Session Ready
Exercise

Combining data into one

Before manipulating the Yelp star reviews, you first need to combine the three data sets that were just explored so you can understand and adapt the data more effectively.

The data sets from the previous exercise, reviews, users, and businesses, are data frames, R's way of representing a data set. You can combine a data frame in many ways, but for this exercise you don't want any missing data, let's say a business without a review. So you will use the inner_join() function from the dplyr package to combine the three data sets. The function inner_join() combines two data sets by finding columns with identical labels and then only combining the rows that are found in both independent data sets.

Let's see how it works!

The 3 data frames are already loaded into your R environment. Apply inner_join() to the reviews and the users data sets first. Don't forget to name that newly combined data set. Next, apply inner_join() again but with the newly created data set and the final data set from the previous exercise businesses.

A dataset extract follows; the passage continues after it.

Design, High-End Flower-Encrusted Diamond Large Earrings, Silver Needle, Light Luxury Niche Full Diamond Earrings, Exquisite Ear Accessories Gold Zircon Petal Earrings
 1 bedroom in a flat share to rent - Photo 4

Once the data sets have been combined it can be helpful to explore the data some. Using summary you can get a better feel for the variables that are in out data and the types data you have to use.

Instructions
100 XP
  • The code provided uses library() to load dplyr to the environment
  • Use inner_join() to combine the reviews and users data sets and assign to ru.
  • Use inner_join() to combine the newly created ru and businesses data sets and assign new data frame to rub.
  • Inspect new data frame rub, take note of the variables and types of data.